Inspired by a painting, a poem, Bach, Stravinsky, Schoenberg and the CERN Hadron Collider, Rambert’s exciting and innovative triple bill showed how choreographers can start from utterly different places.
Rambert has a scientist in residence (Professor Nicola S. Clayton), but it was artist Katie Paterson who took Mark Baldwin to CERN, where he found out about the properties of quarks. The Strange Charm of Mother Nature is a virtuoso dance piece in two movements; the first, to Stravinsky’s Dumbarton Oaks, gives us slow duets, set against dancers who ricochet across the stage like neutron stars; the second, to Bach’s third Brandenburg Concerto, bursts through space in a blaze of colour with spectacular spins and leaps, the embodiment of cosmic energy, yet strangely cool and scientific.
Kim Brandstrup’s Transfigured Night springs from Schoenberg’s response to Richard Dehmel’s poem Verklärte Nacht, in which a woman walking through a dark forest at night admits to her new lover that she is expecting another man’s baby. In the poem, the lover forgives the woman and accepts the child, but Brandstrup offers three possible narratives: loss and rejection; a blissful fantasy of forgiveness; and a compromise between the two. Simone Damberg Würtz as the woman, her dress symbolically scarlet, is a beautifully placed dancer who knows how to convey emotion through understatement, and she was well matched by Miguel Altunaga as her lover. (In the second scene, a form of dream sequence, they are replaced by two dancers in white). The dance conveys the alternative stories with subtle restraint, a darkly dressed chorus sometimes seeming to represent the (exterior) forest, at other times, the interior of their minds. Brandstrup has chosen to end the third scene with a sense of resignation that gives a downbeat resolution, whereas the poem ends with a feeling of upbeat transfiguration in the ‘high, bright night’.

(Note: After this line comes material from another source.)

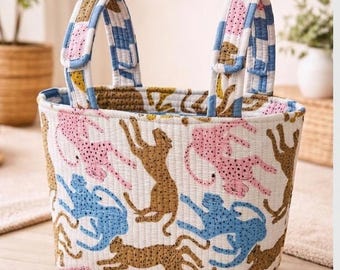 May include: A quilted fabric basket featuring a repeating pattern of stylized cheetahs in shades of pink, blue, and brown on a white background. The basket has two upright handles with a blue and white checkered pattern and stitched detailing.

For me the highlight of the evening was The 3 Dancers. Commissioned to create a work based on Picasso’s painting, with a new score by Elena Kats-Chernin, Didy Veldman has embraced both the tragic story of a three-way love affair and death and the artistic and intellectual preoccupations of the 1920s. Kimie Nakano’s wonderful set, with its references to Cubism and Surrealism, and the shards of mirror that by the end split the stage and divide the characters capture the visual aesthetic of the period, while the representation of the inner and outer aspects of each of the protagonists by two dancers, represented by white or black clothing, echoes the contemporary fascination with Freud and psychology. As the dancers move together entwined in groups of three we are transported back through early twentieth century Modernism to witness the pain of a true love triangle which is nevertheless extremely beautiful, and one in which the woman seems to have the upper hand. Baldwin, as Artistic Director has rightly and generously used an image from this dance work as the cover for the programme.
The use of live music conducted by Paul Hoskins for all three pieces was particularly pleasing.